1.2 Index-Wise Orthogonal Property

Matrices A{i}’s and B{j}’s are generated such that,

$$\left({\varvec{A}}\left\{i\right\}*{\varvec{B}}\left\{j\right\}\right) mod p=\left\{\begin{array}{c}{{\varvec{I}}}_{MxM}\mathrm{if }i=j\\ {0}_{MxM}\mathrm{if }i\ne j\end{array}\right.$$

(A4)

When A{i}’s and B{j} are related as in (A4), we say that they are index-wise orthogonal.

1.3 Generation of A{i}’s and B{j}’s

As a first step, generate a random integer matrix HH of size NxN in Z_p as follows.

In normal algebra, the House Holder Orthogonal Matrix [A1} is obtained as,

$${\varvec{H}}{\varvec{H}}=I-\frac{2*V*{V}^{T}}{{V}^{T}*V}$$

(A5)

where, V is a column vector. In the finite field Z_p, division by \(\left({V}^{T}*V\right)\) is replaced by multiplication by its modular inverse with respect to p, to get HH in Z_p as,

$${\varvec{H}}{\varvec{H}}=I-2*{\varvec{V}}*{{\varvec{V}}}^{T}*ModInv\left({V}^{T}*V,p\right)$$

(A6)

Here, V is a non-zero random integer column vector in Z_p of size N*1. All operations in (A6) are carried out in Z_p. In (A6), the size of the identity matrix I used is N*N and that of V is taken as N*1 so that the size of the resulting HH is (N*1) * (1*N) = N*N. Since HH is orthogonal,

$${\varvec{H}}{\varvec{H}}*{\varvec{H}}{\varvec{H}}{\varvec{T}}=IN*N$$

(A7)

HH, the orthogonal matrix generated has N rows which is same as M*(R + 1) rows as specified by A2).
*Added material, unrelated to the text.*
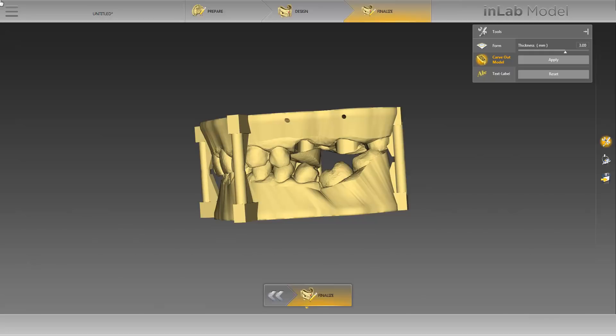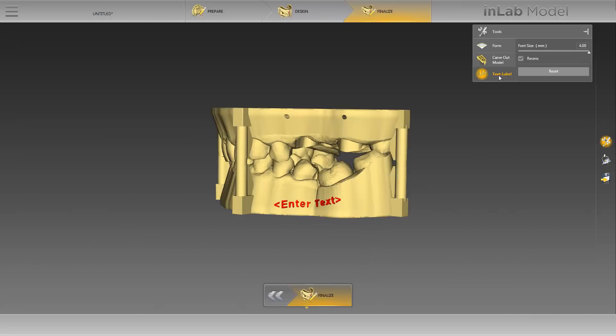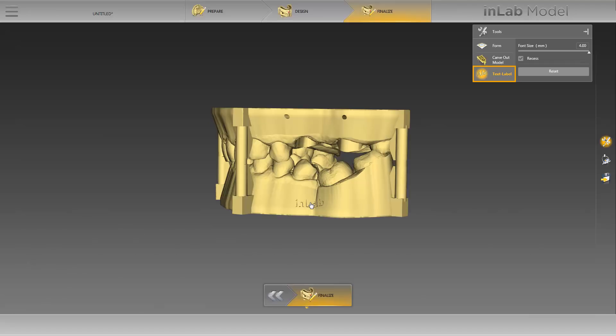Next, we will switch to the tool text label. Adding a text label ensures that the finished model can be assigned to a patient. By placing a check mark in the recess field, the added text is recessed. When the check mark is removed, the text is applied on the model. We move the cursor to our model and write InLab on the base of the lower jaw. Before we continue, we will deactivate our tool first to avoid accidentally placing further text on the model.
Now, matrix HH is partitioned row-wise into (R + 1) sub matrices, D{1}, D{2},…, D{R}, D{R + 1} each of size M*N as shown in Fig. 6a. Similarly matrix HH^T is partitioned column-wise into (R + 1) sub matrices, B{1}, B{2},…, B{R} as shown in Fig. 6b.

Based on the partition and from the modular orthogonal property of HH, for i, j = 1 to R + 1,

$$\left({\varvec{D}}\left\{i\right\}*{\varvec{B}}\left\{j\right\}\right) mod p=\left\{\begin{array}{c}{{\varvec{I}}}_{MxM}\mathrm{if }j=i\\ {0}_{MxM}\mathrm{if }j\ne i\end{array}\right.$$

(A8)

and

$$D\{i\}=B\{i\}\mathrm{T}$$

(A9)

From equation (A9), it can be seen that D{i}’s can be determined by knowing B{i}’s. In cryptography, this dependency has to be avoided, so that D{i} could not be deduced by knowing B{i}. To achieve this, D{i}’s for i = 1 to R, are additively randomized to get A{i}’s as,

$$A\{i\}=D\{i\}+W\{i\}*D\{R+1\}$$

(A10)

Here, W{i} is a random matrix of size M *M in Z_p, chosen by the KGC.
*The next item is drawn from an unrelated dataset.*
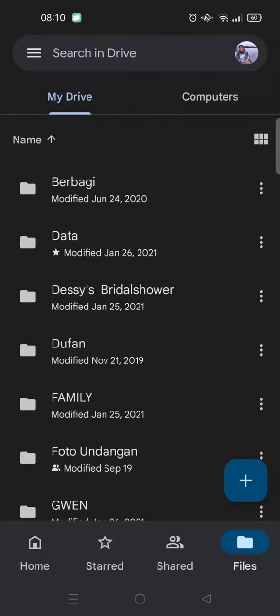Hi everyone, welcome back to the channel. In today's video I'm going to show you where to find the share icon on Google Drive. Maybe you want to share a file or folder with your friends or colleagues.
Now, consider the product A{i}*B{j} for i, j = 1 to R. When j = i, from (A10),

$$A\{i\}*B\{j\}=[D\{i\}+W\{i\}*D\{R+1\}]*B\{j\}=D\{i\}*B\{j\}+W\{i\}*D\{R+1\}*B\{j\}$$

(A11)

From (A8), D{i}*B{j} = I_M*M and D{R + 1}*B{i} = 0 as the range of i and j are in the range 1 to R. Therefore, Equation (A11) reduces to,

$$A\{i\}*B\{j\}=IM*M\mathrm{ if }j=i$$

(A12)

On the other hand, When j ≠ i, in the light of equation (A8),

$$A\left\{ i \right\}*B\left\{ j \right\} = I_{{M*M}} \quad {\text{if}}\,j \ne i$$

(A13)

Thus, it is proved that the procedure described in this appendix generates an IWODSIM represented by,

$$\left({\varvec{A}}\left\{i\right\}*{\varvec{B}}\left\{j\right\}\right) mod p=\left\{\begin{array}{c}{{\varvec{I}}}_{MxM}\mathrm{if }i=j\\ {0}_{MxM}\mathrm{if }i\ne j\end{array}\right.$$

(A14)

for i, j = 1 to R.

1.4 Multiple versions for A{i}

In (A10), choosing different random matrices for W{i}, different versions of A{i}’s can be generated which satisfy (A14) for i = 1 to R. The use of different versions of A{i}for different sessions prevents Chosen Plaintext Attack (CPA).